Грузинский классик имел в этих местах владения, дарованные Екатериной, провел здесь последние годы своей переменчивой жизни, старался ввести в обиход среди равнин Украины водяные мельницы, которых так много на бурных речках его горной родины. В музее - как мне помнится: голимый новодел, сейчас, наверно, уже пропитанный временем, винтажный, если уцелел - была даже модель одной такой мельницы. А классиком он стал только через сто лет после смерти, когда студент-грузин увидел рукопись книги его жизни - «Давитиани» у петербургского букиниста и смог прочитать название.
Мы ходили, разговаривали о разном, мне было интересно с ними. А им со мной? Не знаю. Но звали же, не отталкивали.
Ужинали мы в столовке на главной улице. Женя занимала стол, а мы с Мишей приносили подносы. Поджидая нас Женя в тот день просматривала газету. Когда мы сели, она сказала мужу:
- Битлы распались. Жалко. Симпатичные такие…
Так я узнал о существовании Битлз.
Отвлекусь еще раз. Именно в тот приезд я, маясь от скуки, выслушал рассказ пожилой киевской дамы, раздражавшей меня старомодными своими манерами. Она рассказывала маме, а я изнывая слонялся неподалеку, о киевском писателе, которого выгнали за границу, а перед этим устроили какой-то многочасовой унизительный обыск и не позволили взять с собой давние издания его романа, поскольку существовал запрет на вывоз старых книг. Бессмысленная в своей цепкости детская память сохранила и имя того писателя: Виктор Некрасов.
А еще в тот приезд кто-то говорил про талантливую девушку, певшую песню про арлекина.
Лето заканчивалось. Накануне отъезда мы решили обменяться адресами. Мой опыт жизненных впечатлений был еще небогат, я не знал, что это обычный отпускной ритуал, что никто никому писать не будет, а адреса - своего рода отпускной сувенир, вроде покрытой лаком ракушки, полосатого камешка из прибоя или набора открыток. Такие яркие, полные солнца, смеха, плеска, они жухнут, блекнут, теряют смысл сразу после отъезда.

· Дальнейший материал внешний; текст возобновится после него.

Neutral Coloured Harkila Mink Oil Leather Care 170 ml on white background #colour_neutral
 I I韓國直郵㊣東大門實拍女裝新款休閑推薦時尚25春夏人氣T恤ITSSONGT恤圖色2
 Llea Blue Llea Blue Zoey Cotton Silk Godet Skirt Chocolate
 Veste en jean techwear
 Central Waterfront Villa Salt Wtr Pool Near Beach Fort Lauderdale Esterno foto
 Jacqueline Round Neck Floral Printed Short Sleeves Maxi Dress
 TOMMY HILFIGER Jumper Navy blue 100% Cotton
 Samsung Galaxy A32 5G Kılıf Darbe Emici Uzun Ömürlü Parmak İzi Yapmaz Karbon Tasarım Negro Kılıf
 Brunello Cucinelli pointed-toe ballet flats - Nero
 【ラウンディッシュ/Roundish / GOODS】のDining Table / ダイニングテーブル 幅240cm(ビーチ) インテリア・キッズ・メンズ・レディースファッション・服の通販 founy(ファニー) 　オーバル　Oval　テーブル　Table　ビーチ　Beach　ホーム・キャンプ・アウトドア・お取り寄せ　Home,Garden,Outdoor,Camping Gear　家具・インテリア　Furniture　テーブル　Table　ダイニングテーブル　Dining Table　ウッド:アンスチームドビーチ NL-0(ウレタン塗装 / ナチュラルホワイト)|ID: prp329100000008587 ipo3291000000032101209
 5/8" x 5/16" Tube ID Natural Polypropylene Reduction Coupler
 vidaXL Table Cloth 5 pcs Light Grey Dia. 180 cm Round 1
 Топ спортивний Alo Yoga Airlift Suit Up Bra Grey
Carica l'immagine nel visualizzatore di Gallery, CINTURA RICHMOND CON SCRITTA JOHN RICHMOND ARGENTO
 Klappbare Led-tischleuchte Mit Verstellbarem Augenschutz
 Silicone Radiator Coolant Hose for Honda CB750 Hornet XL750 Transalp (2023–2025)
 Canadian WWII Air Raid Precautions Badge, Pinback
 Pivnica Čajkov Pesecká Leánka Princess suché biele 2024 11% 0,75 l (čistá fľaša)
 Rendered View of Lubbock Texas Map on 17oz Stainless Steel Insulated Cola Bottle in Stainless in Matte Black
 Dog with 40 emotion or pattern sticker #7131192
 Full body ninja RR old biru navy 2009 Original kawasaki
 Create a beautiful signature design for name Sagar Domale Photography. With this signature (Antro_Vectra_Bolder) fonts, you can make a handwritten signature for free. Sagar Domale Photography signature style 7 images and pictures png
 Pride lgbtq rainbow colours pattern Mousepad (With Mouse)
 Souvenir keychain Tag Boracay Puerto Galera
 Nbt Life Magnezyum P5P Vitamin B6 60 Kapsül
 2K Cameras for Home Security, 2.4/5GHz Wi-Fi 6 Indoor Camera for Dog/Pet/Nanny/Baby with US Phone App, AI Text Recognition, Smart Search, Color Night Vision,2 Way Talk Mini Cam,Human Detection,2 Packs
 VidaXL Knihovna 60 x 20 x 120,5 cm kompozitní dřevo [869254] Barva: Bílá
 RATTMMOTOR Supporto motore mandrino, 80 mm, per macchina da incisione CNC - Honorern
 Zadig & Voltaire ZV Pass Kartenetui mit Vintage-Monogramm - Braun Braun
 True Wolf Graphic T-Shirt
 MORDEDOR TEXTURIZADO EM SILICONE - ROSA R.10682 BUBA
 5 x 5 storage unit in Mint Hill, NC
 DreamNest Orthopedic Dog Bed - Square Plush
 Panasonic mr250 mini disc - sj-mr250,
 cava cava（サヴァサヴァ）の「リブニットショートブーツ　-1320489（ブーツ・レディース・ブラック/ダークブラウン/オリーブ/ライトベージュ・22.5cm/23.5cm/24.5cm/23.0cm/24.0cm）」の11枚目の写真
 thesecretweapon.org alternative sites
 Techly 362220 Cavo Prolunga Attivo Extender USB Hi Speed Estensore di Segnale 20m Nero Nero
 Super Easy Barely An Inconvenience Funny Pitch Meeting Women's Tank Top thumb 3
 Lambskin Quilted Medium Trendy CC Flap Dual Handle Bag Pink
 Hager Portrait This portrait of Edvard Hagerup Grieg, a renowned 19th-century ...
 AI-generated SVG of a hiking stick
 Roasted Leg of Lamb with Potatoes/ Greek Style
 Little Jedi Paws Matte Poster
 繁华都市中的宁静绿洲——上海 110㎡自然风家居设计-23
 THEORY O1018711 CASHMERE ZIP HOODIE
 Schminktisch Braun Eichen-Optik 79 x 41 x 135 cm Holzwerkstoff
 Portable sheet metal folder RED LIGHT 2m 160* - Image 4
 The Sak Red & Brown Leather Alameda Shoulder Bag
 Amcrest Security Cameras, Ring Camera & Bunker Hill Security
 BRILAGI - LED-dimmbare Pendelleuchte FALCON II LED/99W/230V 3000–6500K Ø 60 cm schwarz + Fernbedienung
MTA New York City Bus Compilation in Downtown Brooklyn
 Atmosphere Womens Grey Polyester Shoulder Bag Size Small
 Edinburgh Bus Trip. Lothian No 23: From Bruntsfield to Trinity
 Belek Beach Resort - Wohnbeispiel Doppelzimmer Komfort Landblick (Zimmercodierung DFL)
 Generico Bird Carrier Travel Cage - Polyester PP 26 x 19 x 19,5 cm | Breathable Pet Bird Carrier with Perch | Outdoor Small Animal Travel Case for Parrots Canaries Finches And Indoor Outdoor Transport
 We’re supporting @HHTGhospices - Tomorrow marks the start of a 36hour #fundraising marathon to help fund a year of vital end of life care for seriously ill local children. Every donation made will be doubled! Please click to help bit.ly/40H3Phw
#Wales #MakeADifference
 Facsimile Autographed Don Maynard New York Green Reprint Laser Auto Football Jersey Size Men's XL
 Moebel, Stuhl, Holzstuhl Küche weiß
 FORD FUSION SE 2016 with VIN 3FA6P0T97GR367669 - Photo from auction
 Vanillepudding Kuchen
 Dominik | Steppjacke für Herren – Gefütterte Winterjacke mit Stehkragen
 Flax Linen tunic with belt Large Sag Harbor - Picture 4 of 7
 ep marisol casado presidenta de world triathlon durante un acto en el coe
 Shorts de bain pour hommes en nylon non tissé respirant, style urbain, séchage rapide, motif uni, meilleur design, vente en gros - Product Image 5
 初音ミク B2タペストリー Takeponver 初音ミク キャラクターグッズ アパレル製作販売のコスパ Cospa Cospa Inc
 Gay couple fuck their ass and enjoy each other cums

- Записывайте, - сказал я. - Михаил Книжник…
- Я знаю, что я Михаил Книжник, - ответил Миша. - Говори свой адрес.
Оказалось, что все эти дни мы ни разу не упомянули наших фамилий. И еще оказалось, что весь этот месяц я продружил со своим полным тезкой.
Ошарашенные открытием мы втроем помчались разыскивать мою маму, просветлять общие корни. Кажется, так ничего и не высветлили.
Мы, конечно, не переписывались. И адрес я потерял. Никогда в жизни больше не пересекся ни с Мишей, ни с Женей. Просто в закоулке памяти остался этот курортный сувенир, похожий на двуцветный шар с окошком, прильнув глазом к которому можно увидеть себя полувековой давности со своим отчасти двойником и его женой.